• **Problem description**:
Look below for the lines from the one with "Flamingo Printed Short" to the one with "Camiseta Bigfoot Surfando", and copy exactly those lines, both ends included.

** Exercise data follows **

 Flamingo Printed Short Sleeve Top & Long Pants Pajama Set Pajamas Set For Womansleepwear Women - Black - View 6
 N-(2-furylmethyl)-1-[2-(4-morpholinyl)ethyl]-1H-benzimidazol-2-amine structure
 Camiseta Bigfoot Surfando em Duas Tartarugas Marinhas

** End of Exercise data **
** Exercise data follows **

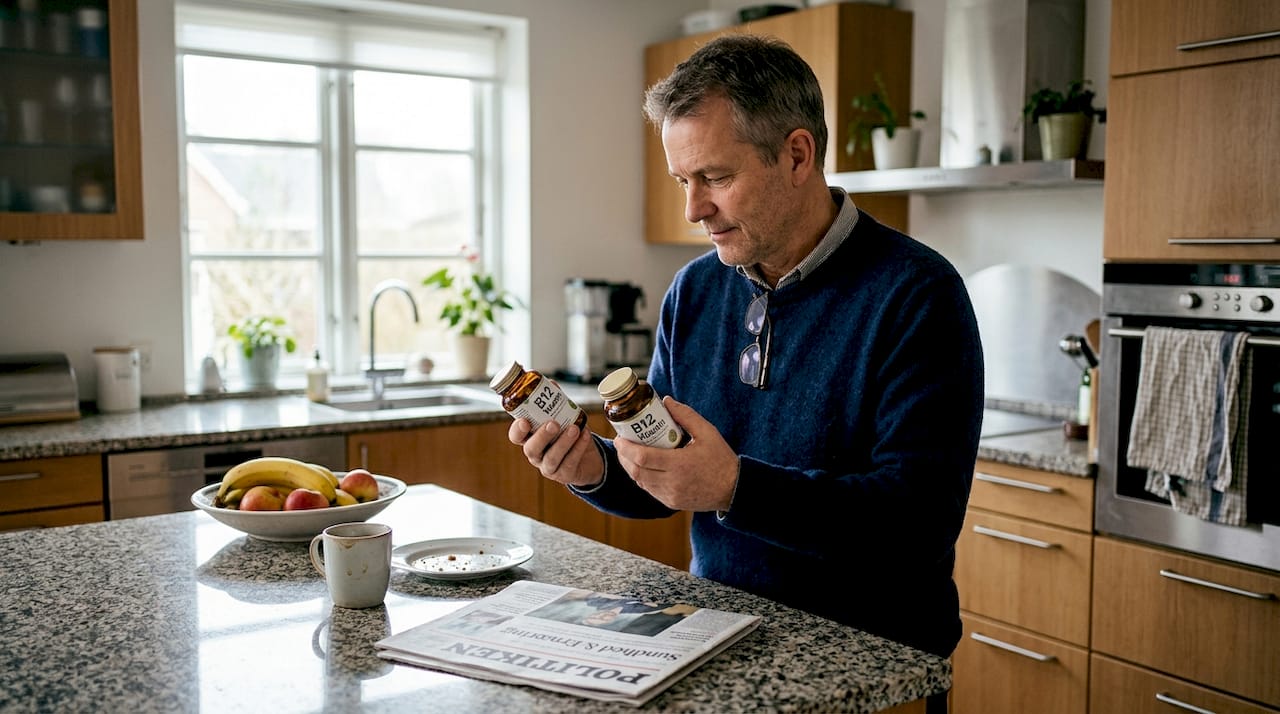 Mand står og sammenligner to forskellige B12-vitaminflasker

** End of Exercise data **
** Exercise data follows **

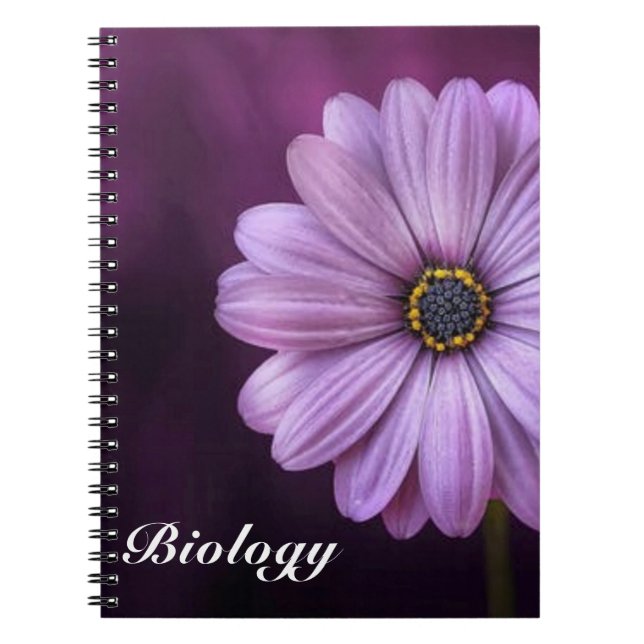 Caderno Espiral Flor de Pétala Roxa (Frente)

** End of Exercise data **

• **Solution to this exercise**:
 Flamingo Printed Short Sleeve Top & Long Pants Pajama Set Pajamas Set For Womansleepwear Women - Black - View 6
 N-(2-furylmethyl)-1-[2-(4-morpholinyl)ethyl]-1H-benzimidazol-2-amine structure
 Camiseta Bigfoot Surfando em Duas Tartarugas Marinhas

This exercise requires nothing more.